**YOUR TASK:** Restate word for word the lines from the one bearing "Henning Kjaernulf Henning" through the end of the entries below, and leave every picture out.

** Opening MATERIAL PROVIDED block **

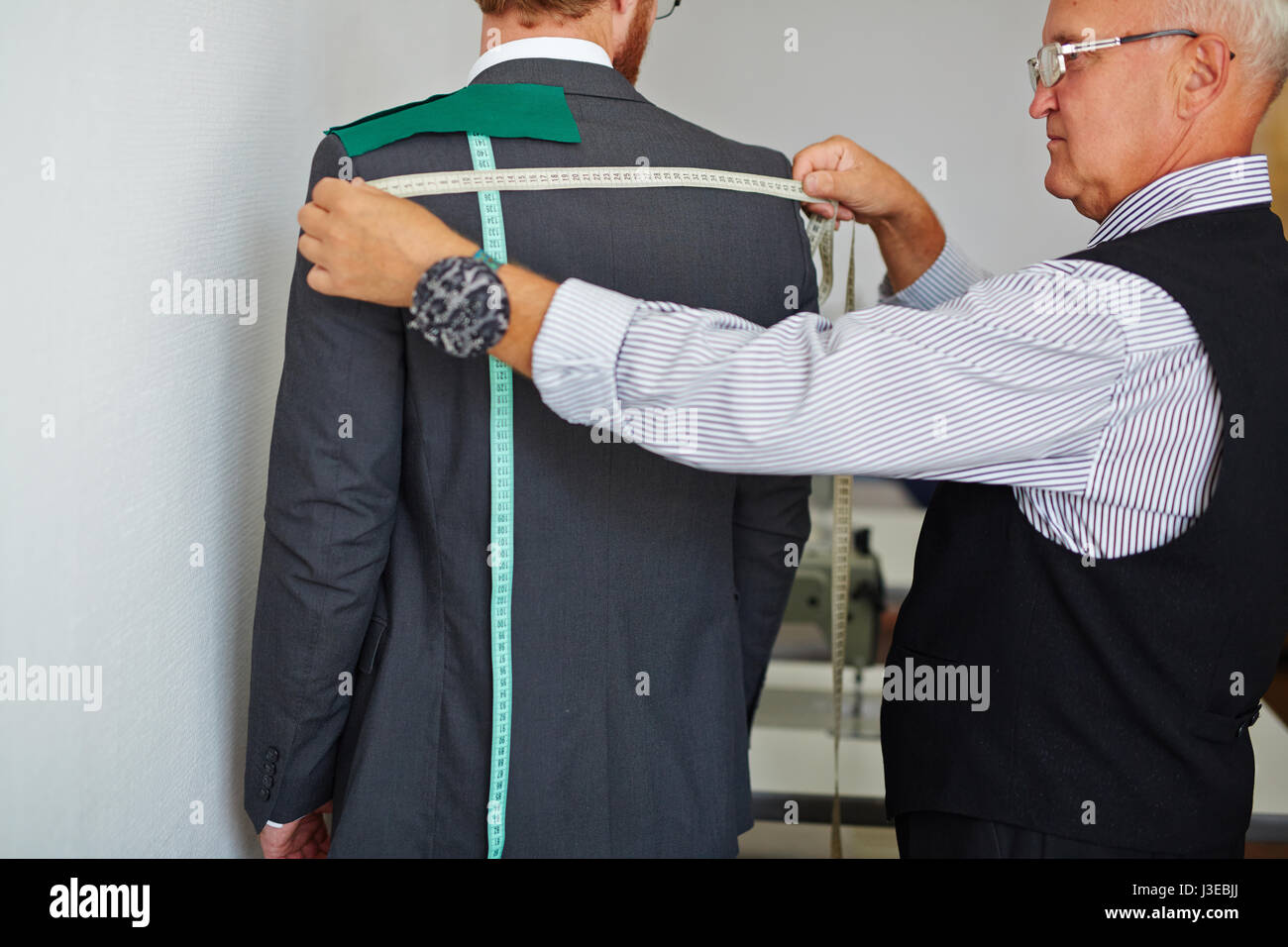 Tailor Measuring Back of Client to Make Suit Stock Photo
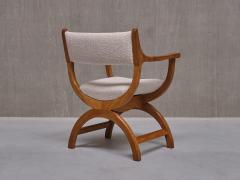 Henning Kjaernulf Henning Kj rnulf Kurul Armchair in Oak and Leli vre Boucl Denmark 1960s - 3634216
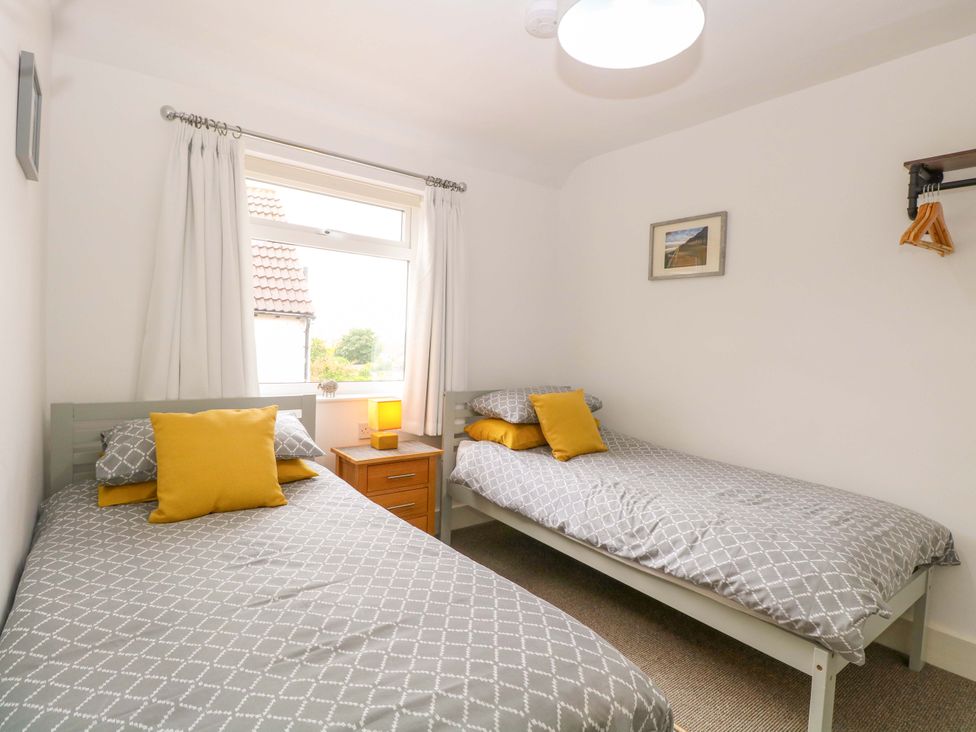 A bedroom with two beds and a nightstand at Highland House in Sheringham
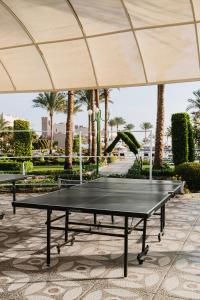 a ping pong table under a large umbrella at Sentido Akassia Beach Resort in Quseir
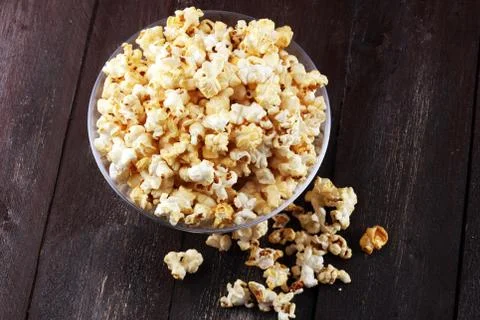 Cinema concept with popcorn on rustic table. Stock Photos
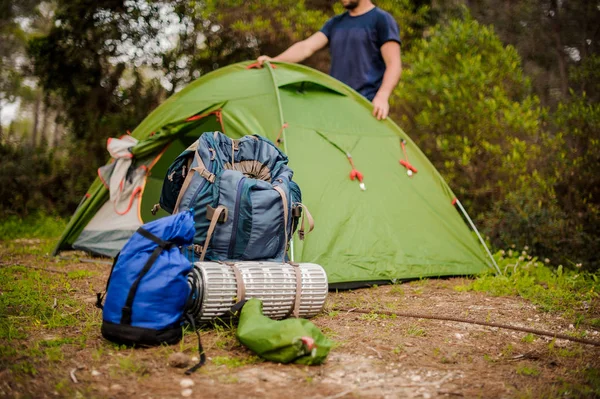Homem monta uma tenda verde perto do equipamento de caminhada — Fotografia de Stock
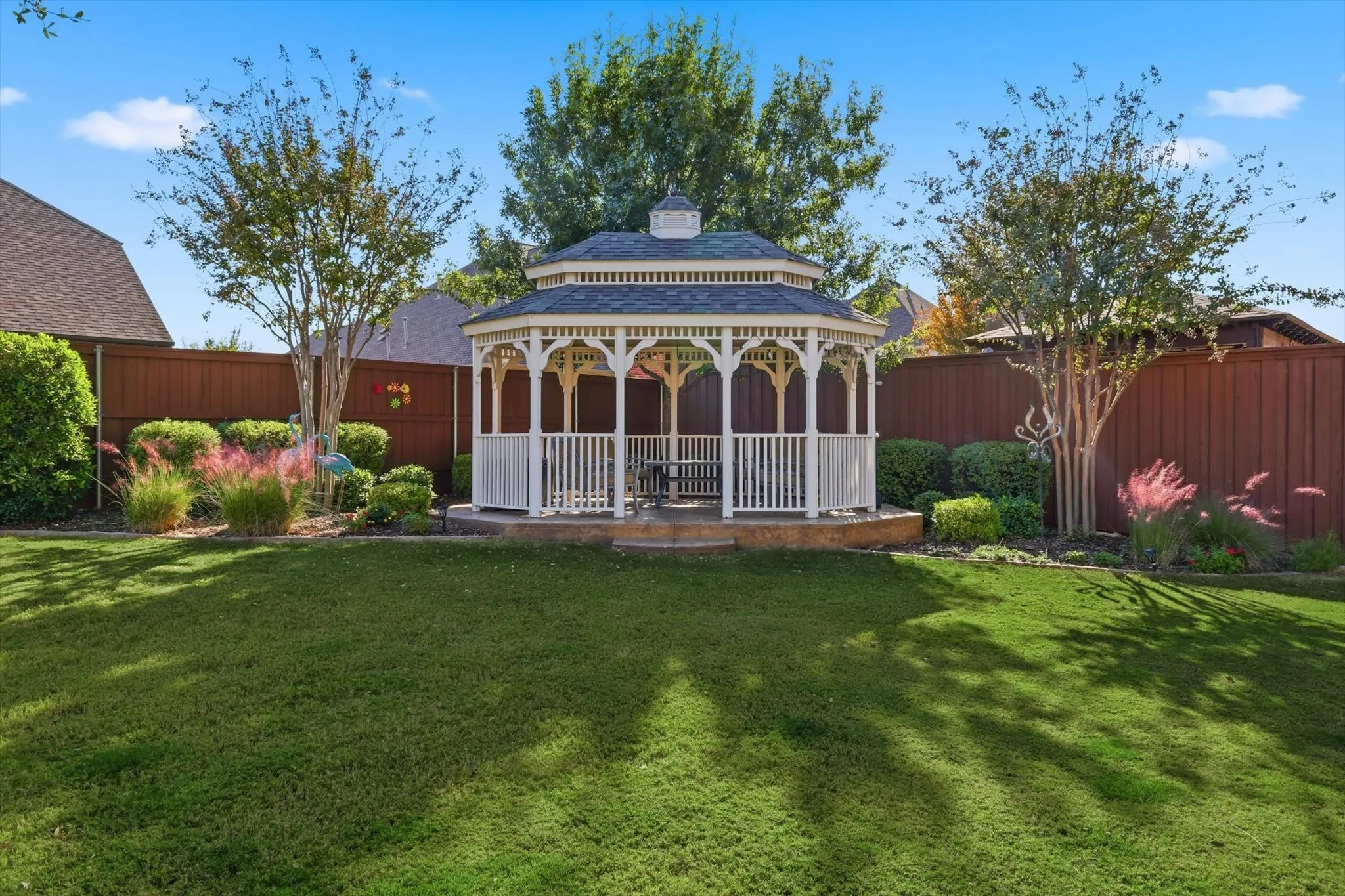 Fenced backyard featuring a gazebo and a patio area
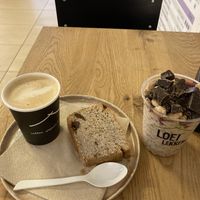 Vegan deal. Oat milk cappuccino, coconut bread and Sexy Strawberry overnight oats at YB by Yoghurt Barn - Central in Amsterdam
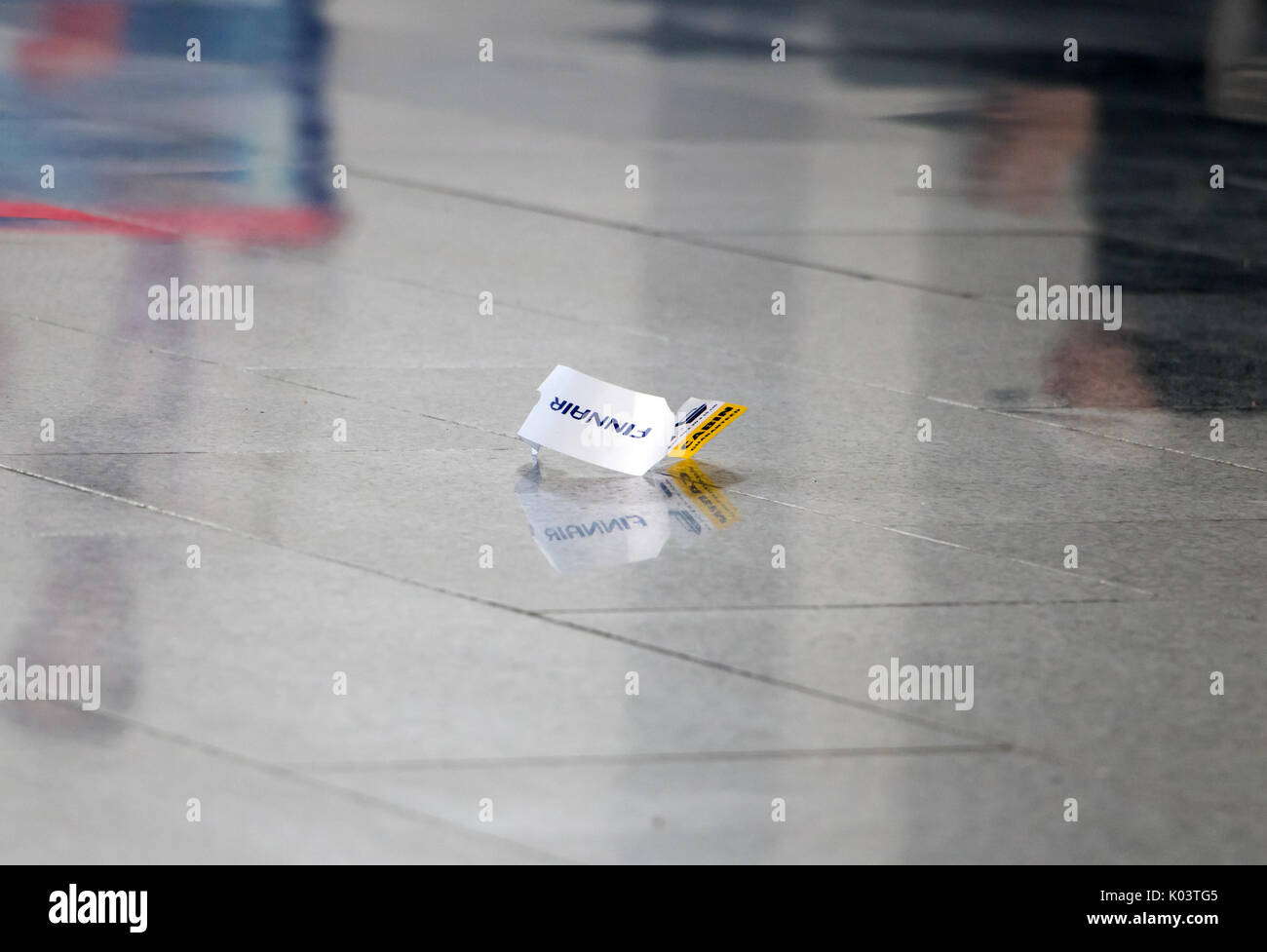 Biglietto bagagli giace sul pavimento in un vuoto di lobby presso l'aeroporto. Foto Stock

** Closing MATERIAL PROVIDED block **

**SOLUTION:**
 Henning Kjaernulf Henning Kj rnulf Kurul Armchair in Oak and Leli vre Boucl Denmark 1960s - 3634216
 A bedroom with two beds and a nightstand at Highland House in Sheringham
 a ping pong table under a large umbrella at Sentido Akassia Beach Resort in Quseir
 Cinema concept with popcorn on rustic table. Stock Photos
Homem monta uma tenda verde perto do equipamento de caminhada — Fotografia de Stock
 Fenced backyard featuring a gazebo and a patio area
 Vegan deal. Oat milk cappuccino, coconut bread and Sexy Strawberry overnight oats at YB by Yoghurt Barn - Central in Amsterdam
 Biglietto bagagli giace sul pavimento in un vuoto di lobby presso l'aeroporto. Foto Stock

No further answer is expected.